Dark Sun Creature Catalog
- Cover
- Rules required: Dungeons & Dragons 4th edition
- Campaign setting: Dark Sun
- Authors: Richard Baker, Bruce R. Cordell
- First published: August 17, 2010
- ISBN: 978-0-7869-5494-0

Linked modules
- D&D Rules Supplement

= Dark Sun Creature Catalog =

Role-playing game supplement

Dark Sun Creature Catalog is a supplement to the 4th edition of the Dungeons & Dragons role-playing game.

==Contents==
The book details monsters, stats for major NPCs, hazards and "a section on building encounters" for the Dark Sun setting.

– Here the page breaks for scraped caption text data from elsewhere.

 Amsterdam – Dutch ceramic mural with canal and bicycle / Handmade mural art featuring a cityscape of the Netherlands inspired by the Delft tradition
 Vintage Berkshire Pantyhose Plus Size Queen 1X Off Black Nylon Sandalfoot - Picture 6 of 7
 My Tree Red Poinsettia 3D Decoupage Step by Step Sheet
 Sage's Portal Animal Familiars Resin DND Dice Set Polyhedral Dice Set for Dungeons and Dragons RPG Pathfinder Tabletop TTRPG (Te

Shannon Appelcline, author of Designers & Dragons, commented that the "Creature Catalog features many monsters from MC12: "Monstrous Compendium Dark Sun Appendix: Terrors of the Desert" (1992) and Dark Sun Monstrous Compendium Appendix II: Terrors beyond Tyr (1995) — the original two collections of Dark Sun monsters. [...] Following in the footsteps of Dark Sun Monstrous Compendium Appendix II: Terrors beyond Tyr, this new Catalog also includes monster stats for PC races such as dwarves, eladrin, elves, goliaths, halflings, humans, mul, and thri-kreen. [...] Finally, Creature Catalog also details most of the sorcerer-kings of Athas, giving goals for high-level characters to shoot for".

== Publication history ==
Dark Sun Creature Catalog, by Richard Baker and Bruce R. Cordell, was published on August 17, 2010. Baker also led the design team for the 4th edition Dark Sun products. The book was mistakenly printed as a hardcover rather than a softcover as advertised. Despite the mistake, Wizards of the Coast sold the book at the originally advertised lower softcover price.

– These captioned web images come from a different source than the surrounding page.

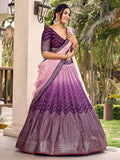 Fabulous Purple Sequins Chinon Traditional Lehenga Choli With Dupatta - Zeel Clothing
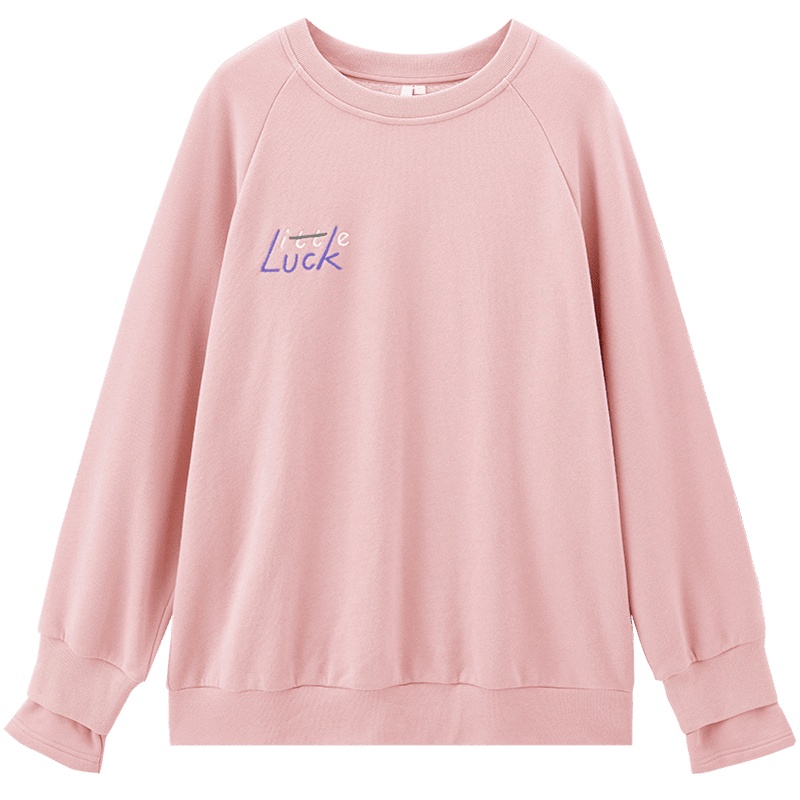 茵曼卫衣女2019秋季新款套头圆领文艺纯色字母绣花宽松版长袖上衣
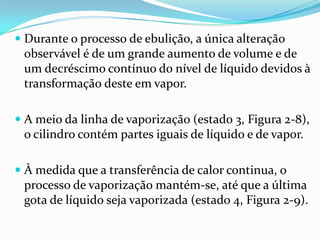  Durante o processo de ebulição, a única alteração
  observável é de um grande aumento de volume e de
  um decréscimo contínuo do nível de líquido devidos à
  transformação deste em vapor.

 A meio da linha de vaporização (estado 3, Figura 2-8),
 o cilindro contém partes iguais de líquido e de vapor.

 À medida que a transferência de calor continua, o
 processo de vaporização mantém-se, até que a última
 gota de líquido seja vaporizada (estado 4, Figura 2-9).
 
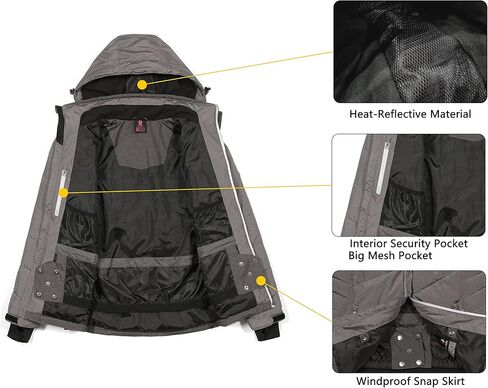 Little Donkey Andy Women's Warm Windproof Ski Insulated Jacket Water Repellent Winter Snowboarding Snow Coat in Kuwait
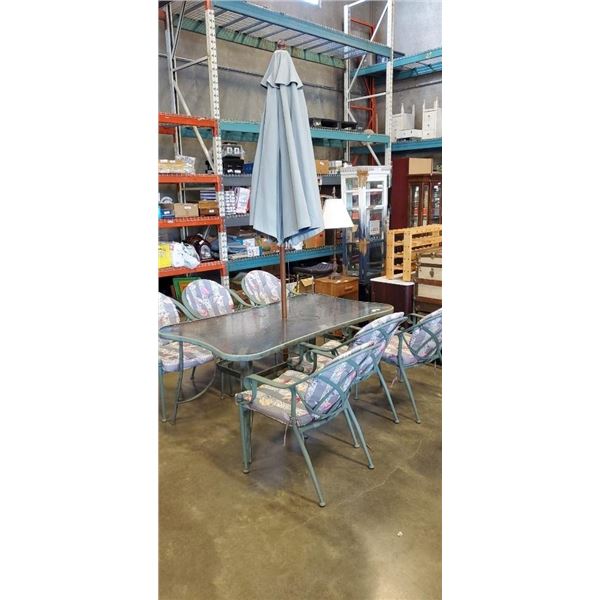 RECTAGULAR PATIO TABLE 66" X 39" WITH 6 CHAIRS AND PATIO UMBRELLA WITH WEIGHTED STAND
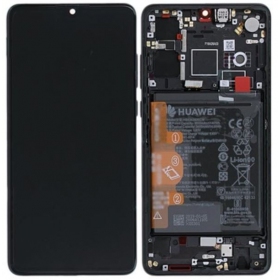 Huawei P30 (new version 2021) ecrã (preto) (com moldura e bateria) (service pack) (original)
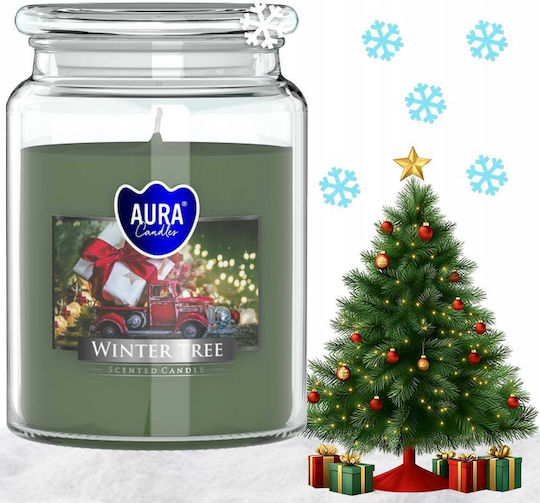 Aura Weihnachtskerze Holz Grün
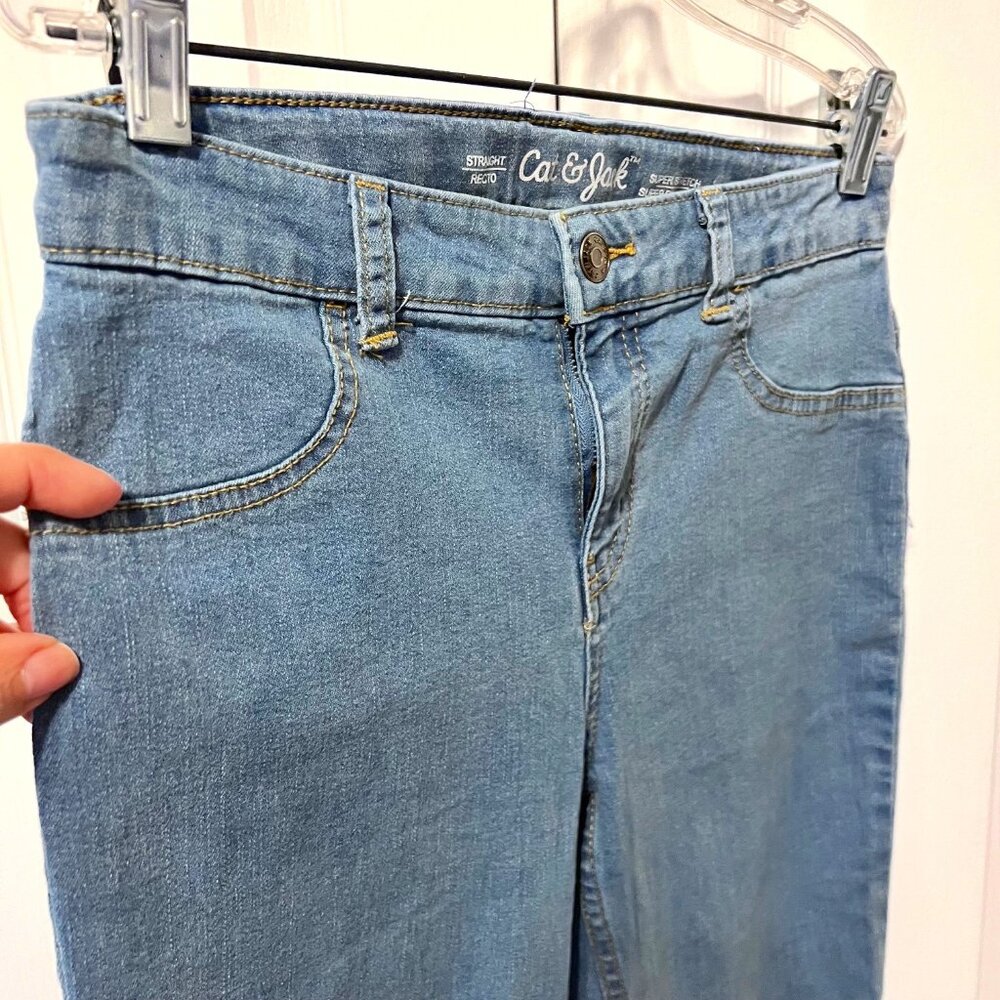 Cat & Jack Straight Super Stretch Girls Jeans Light Blue-Sz. 14- School-Comfy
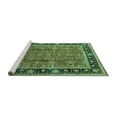 thumbnail image 2 of Ahgly Company Machine Washable Indoor Square Oriental Turquoise Blue Industrial Area Rugs, 6' Square, 2 of 4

Appelcline wrote that "in previous years, Wizards had released a 'Campaign Guide', a 'Player's Guide', and a standalone adventure for each setting, but by 2010 things were changing for the 4e line. One of those changes impacted the schedule for setting releases. Though Dark Sun still got three books, the 'Campaign Guide' and 'Player's Guide' were combined into the Dark Sun Campaign Setting. This made room for a standalone Creature Catalog — something that was particularly important for the unique world of Athas. The adventure Marauders of the Dune Sea (2010) closed out the trilogy".

On August 19, 2014, Dark Sun Creature Catalog was re-released as a PDF.

==Reception==
The book was reviewed in Black Gate #15.

Appelcline wrote that the "Creature Catalog doesn't add much to the world of Athas, but it is respectful of the setting's long history" and that the book "shows off D&D 4e's graphic design at its best. Many of the monsters are laid out as two-page spreads, providing lots of room for details and for variants". Appelcline highlighted that the book followed "in the footsteps of Dark Sun Monstrous Compendium Appendix II: Terrors beyond Tyr" and the inclusion of monster stats for player character races "was once more a well-received idea that helped to convey the evocative feel of the setting".

Neuroglyph Games gave the book an A rating and highlighted that "in many respects, the Dark Sun Creature Catalog is also a bit of a Dark Sun Dungeon Masters Guide, given the wealth of lore in the monster listings, the notable NPC villains, and the monster themes.  And given the amount of content packed into this book, the retail price for the Dark Sun Creature Catalog is quite reasonable, and a must-have book for any Dungeon Master who plans on running a campaign on Athas".